Former Turkish Interior Minister Süleyman Soylu

The reassignment of high-ranking police officers close to former interior minister Süleyman Soylu in a presidential decree has been interpreted as a “partial purge,” the Deutsche Welle Turkish service reported on Wednesday.

The most comprehensive decree on police chiefs to date was published in the Official Gazette on Wednesday, after Ali Yerlikaya, the former governor of İstanbul, replaced Soylu as the new interior minister in early June.

Signed by President Recep Tayyip Erdoğan, the decree resulted in the reassignment of 52 high-ranking police chiefs, while 24 were moved to less active roles.

Among those moved to less prominent positions are Ankara Police Chief Servet Yılmaz, who is close to former minister Soylu, and Resul Holoğlu, Turkey’s deputy chief of police who was appointed to the Anti-Smuggling and Organized Crime Department by Soylu in October 2016.

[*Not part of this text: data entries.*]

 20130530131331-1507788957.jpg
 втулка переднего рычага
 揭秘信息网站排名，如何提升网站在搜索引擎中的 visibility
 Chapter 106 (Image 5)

Yılmaz, who had been chief of police for six years, played an active role in police appointments. During his tenure, a “power struggle” occurred between members of the Ankara Police Department and the Ankara Courthouse, and as a result some prosecutors who refused to comply with controversial demands from the police were reassigned, DW said.

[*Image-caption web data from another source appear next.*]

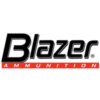 Blazer_Ammunition_Logo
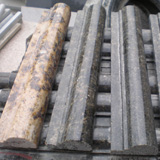 Granite Model Lines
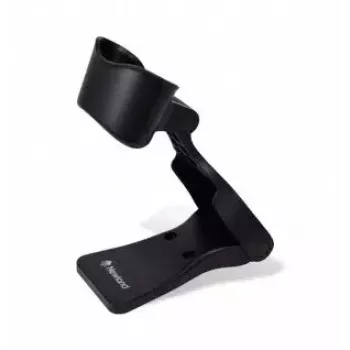 Αναγνώστης barcode χειρός Newland HR52 Bonito 1D/2D CMOS Μαύρο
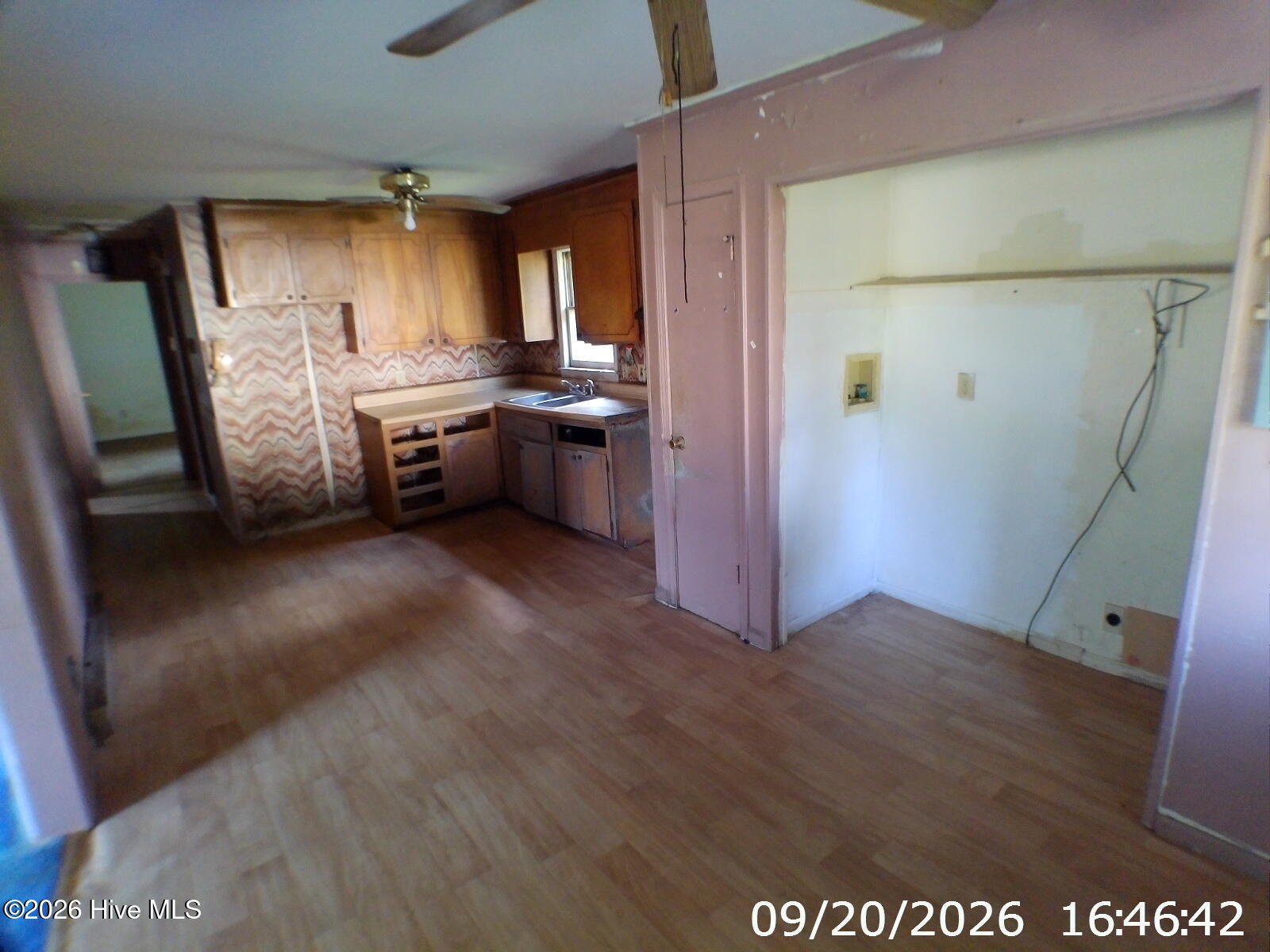 1153 Connaritsa Road Property Photo 5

Holoğlu came into the spotlight after being implicated in allegations made by notorious mafia leader Sedat Peker in 2021. According to Peker, Holoğlu played a part in facilitating the departure of Sezgin Baran Korkmaz, the owner of SBK Holding, who was facing money laundering charges, for a foreign country.

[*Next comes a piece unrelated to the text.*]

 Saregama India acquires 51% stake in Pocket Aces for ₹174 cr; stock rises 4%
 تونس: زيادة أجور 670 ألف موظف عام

Peker said Holoğlu summoned Korkmaz to the Interior Ministry on behalf of Soylu on Dec. 5, 2021. During the meeting at his office, Soylu allegedly requested that Korkmaz forgive businessman İnan Kıraç’s debt of $45 million. Korkmaz left the country on Dec. 6.

Mahmut Çorumlu, head of the Anti-Smuggling and Organized Crime Department who was alleged to have been present with Holoğlu during the meeting, was appointed as the deputy chief of police.

In addition to Yılmaz and Holoğlu, İzmir Police Chief Mehmet Şahne, Bursa Police Chief Tacettin Aslan, Muğla Police Chief Süleyman Suvat Dilberoğlu and Levent Tuncer, police chief in Erzurum, where İstanbul Mayor Ekrem İmamoğlu’s campaign bus was attacked during the election campaign in May, were also assigned to lesser positions.

As part of the decree, Sabit Akın Zaimoğlu, who was appointed as chief of the National Security Directorate’s intelligence department by Soylu, was assigned as Bursa police chief. Additionally, Hasan Yiğit, who served as head of the directorate’s counterterrorism department, was appointed chief of police in Balıkesir.

Besides Çorumlu, the decree also resulted in the replacement of Samsun Police Chief Ömer Urhal and senior police inspectors Selami Yıldız and Caner Tayfur.

Engin Dinç, an acquitted suspect in a case regarding the killing of Turkish-Armenian journalist Hrant Dink, has been appointed as the Konya chief of police.

The 52-year-old Dink, editor-in-chief of the Turkish-Armenian bilingual Agos weekly, was shot dead with two bullets to the head outside the newspaper’s headquarters in central İstanbul on Jan. 19, 2007 by a then-17-year-old jobless high school dropout.

Former director of the Trabzon police intelligence unit, Dinç, was acquitted of the charge of “negligent behavior leading to intentional killing.” As for the accusation of “neglect of duty and misuse of authority” against Dinç, the statute of limitations had expired.